Senta, Lei ha detto che è stata in collegio fino a 21 anni...

- Sì.

... che cosa ha imparato in questo lungo tempo?

- Ho imparato a fare i mestieri di casa e a guardare le bambine.

E non le hanno insegnato altro?

- Nient'altro.

E quando è uscita che cosa ha potuto fare?

- Mi sono messa in una famiglia.

... Donna di servizio?

- Sì.

 

MORELLI: Quanti collegi hai cambiato?

 

RAGAZZO: - Eh, non si contano neanche sulle dita, perchè sono molti.

Molti. Quanti saranno?

- Undici, dodici, se non di più.

MORELLI: Pensa che se l'avessero adottata, la sua vita sarebbe stata diversa?

 

RAGAZZA: - In questo caso sì.

Come, in questo caso?

- Insomma, avrei avuto una mamma, anche se non fosse stata la mia.
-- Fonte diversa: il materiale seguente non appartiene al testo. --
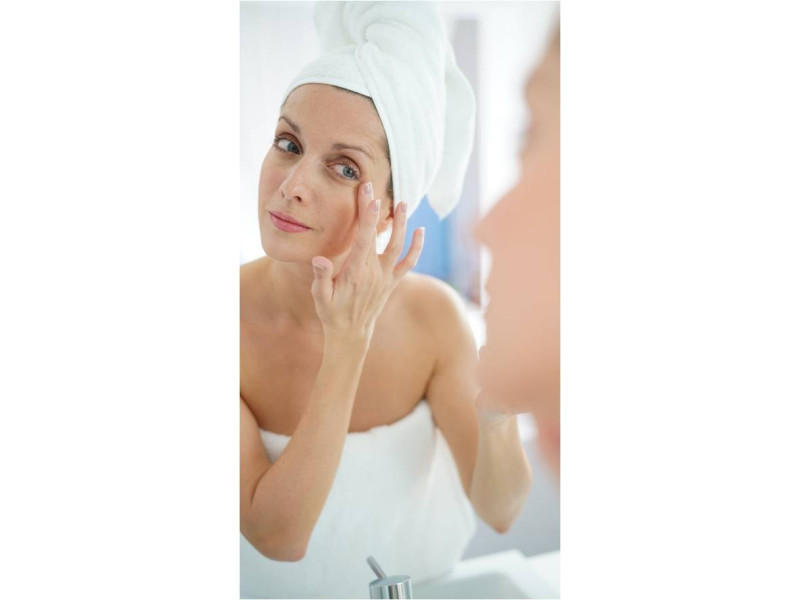 Zao Organic Pro-Age Eye Contour – Βιολογική Κρέμα ματιών αντιγήρανσης & σύσφιξης για όλους τους τύπους δέρματος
E mi avrebbe allevata come una figlia. Invece lì dentro mi hanno tirata su così.

 

MORELLI: Se non fosse stata adottata, lei pensa che la sua vita sarebbe stata la stessa?

 

SIGNORA: - Eh, no, penso di no. Anzi, sen­z'altro no, perchè in una famiglia c'è tutto: c'è l'affetto, c'è... Non so come dire, come spiegarmi... Invece in un Istituto non c'è niente.

Ma lei potrebbe aver conosciuto lo stesso suo marito e...

- Sì, ma penso che, anche se lo avessi cono­sciuto, se fossi vissuta in un Istituto sarei stata un'al­tra. Invece, pur sapendo di essere una bambina adottiva avevo una casa e potevo dire: ho anch'io dei genitori.

 

Senatrice DAL CANTON: Quindi occorre mi­gliorare la Legge. Io mi riprometto di fare tutto questo con l'aiuto dei colleghi, se la Provvidenza, come ha sempre fatto, mi assisterà.